This week’s Gospel is about the character of our Lord, and how this character leaves its imprint on us. It’s the “family way” so to speak. And that “way” is mercy.
First lets look at the cool Christology going on, Jesus’ subtle teaching that He and the Father are of one divine substance. Jesus first teaches that the Father is merciful, and that this is how we should be as well. Be merciful as the Father is merciful. Then Jesus gets into specifics about what this looks like. Don’t judge or condemn, but forgive; give abundantly from the overflow of our hearts.
Then Jesus explains the principle with parable, that is, the principle that we should be merciful as the Father is merciful. He says, “Can the blind lead the blind? Will they not both fall into the ditch? A disciple is not above his teacher, but everyone who is perfectly trained will be like his teacher.” Here, He explains that, just as each of us should be like our Father in His mercy, so also will we be “like [our] teacher,” which is Jesus. The word “as” in “as your Father is merciful” is similar to the “like” here in “like his teacher.” The teacher (Jesus) is of one substance with the Father! (In the Greek the two words are similar as well, the one kathos, and the other hos.)
The Father is merciful; the Son teaches this mercy and lives it out, thus making it something to emulate. Jesus is God’s mercy in action.
And this explains each of the five verbs we see in the Gospel. Jesus acts out each of these verbs.
Jesus was merciful. No one in the Gospel who ever prayed “Lord, have mercy” was every denied. In fact their faith was praised. Why does Jesus have mercy? Because He knows our frailty. As the Psalm says, “Have mercy on me, O LORD, for I am weak; O LORD, heal me, for my bones are troubled.”
In Christ we are not judged as our sins deserve, as Jesus says, “Most assuredly, I say to you, he who hears My word and believes in Him who sent Me has everlasting life, and shall not come into judgment, but has passed from death into life.”

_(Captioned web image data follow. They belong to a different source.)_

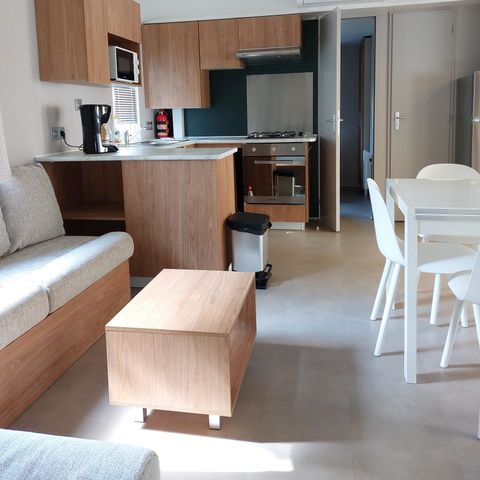 Stacaravan 4 personen - 004 (2 slaapkamers, 2 badkamers met douche) - Airconditioning, TV, Afwasmachine, Wasmachine - Terras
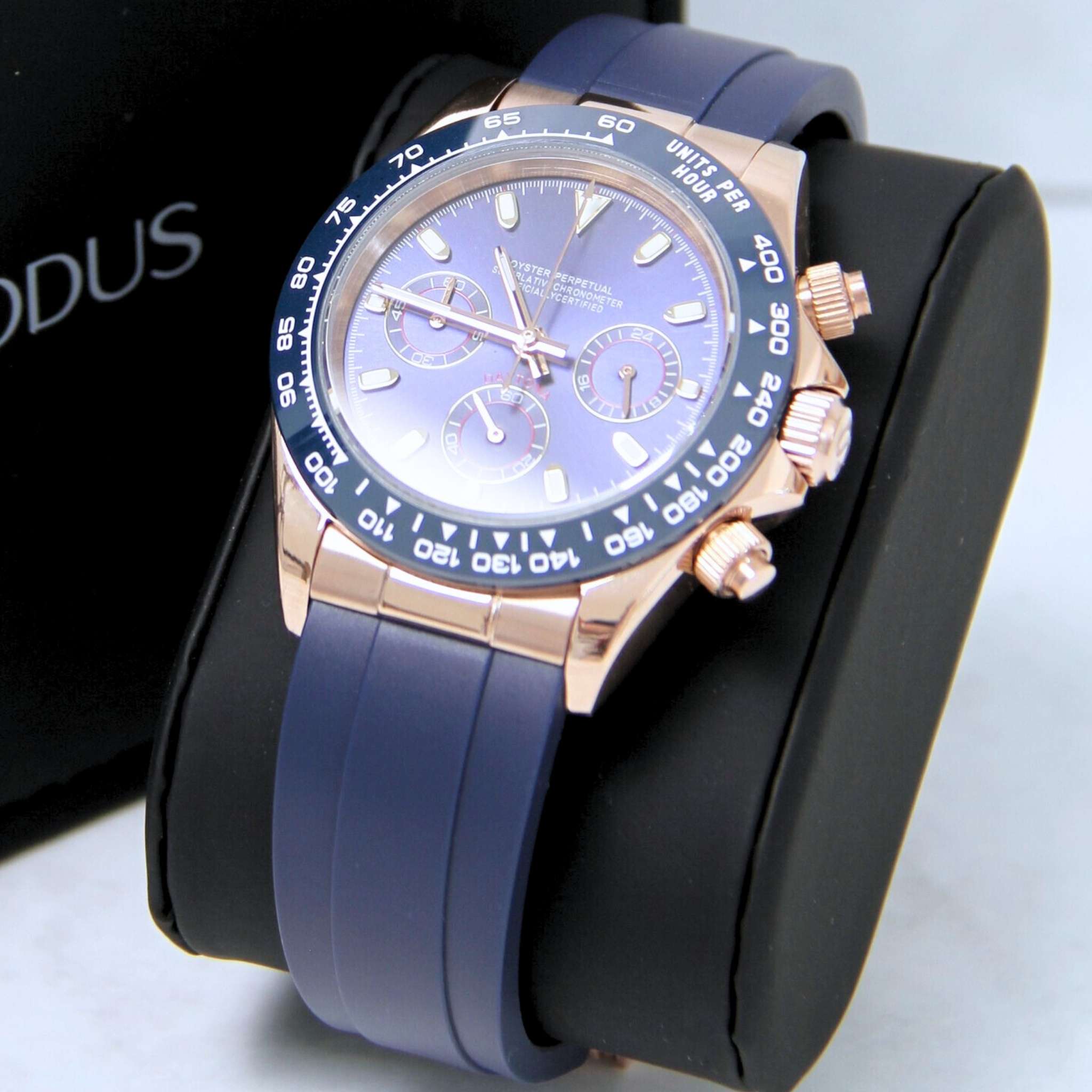 “Montre SEIKMOD Daytona Bleu Or Rose Oysterflex équipée du mouvement chronographe Seiko VK63, cadran bleu et boîtier or rose poli, assemblée à la main en France”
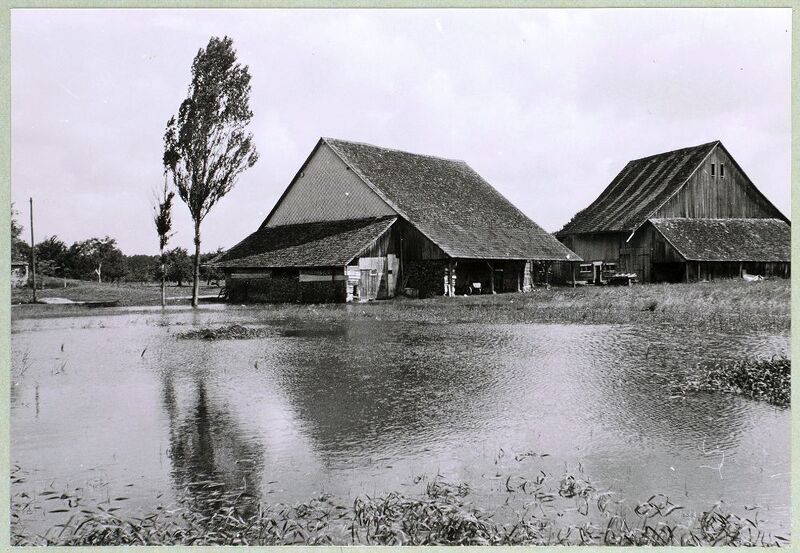 Datei:19460613 01 Flood Zentralschweiz 5 Altbach, Kloten.jpg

In Christ we are spared condemnation on the day of judgment, for as it says, “There is therefore now no condemnation to those who are in Christ Jesus.” And again, “He who believes in Him is not condemned.”
Jesus teaches forgiveness and lives it out. “Whatever sins you forgive, they are forgiven.” Or think when Peter asked, “Lord, how often shall my brother sin against me, and I forgive him? Up to seven times?” Jesus said to him, “I do not say to you, up to seven times, but up to seventy times seven.”
In Christ God gave us everything. For “God so loved the world that He gave His only-begotten Son.”
Now, as it is for our, so it is for us who should be “as” our Father and “like” our teacher.
We should be merciful. Where we are tempted to say, “They get what they deserve.” Mercy says, “I myself know how frail and weak I am. How can I not have mercy on you?”
We should not judge. Judging not is not the same thing as “Let me remove the standard of judgment.” This is the world’s “non-judgmentalism.” So, for instance, if someone is fornicating with his girlfriend, he might say, “Don’t judge me.” And what they mean is not, “Yeah, I know I’m sinning, but go work on your own sins first, and then come back and talk to me.” No, what they mean is, “That’s an old fashioned idea of sexual ethics, based on the bible, that should no longer apply.” This is clearly not what Jesus means when He says, “Judge not.” He means we should have mercy in the application of God’s eternal standard, knowing how frail we ourselves are before it. “Judge not” means, don’t go around looking for specks, looking to apply God’s law harshly to satisfy some personal lack of mercy. Rather look out for people’s good. Live your life in such a way so that you can help others as they try to live according to God’s standard.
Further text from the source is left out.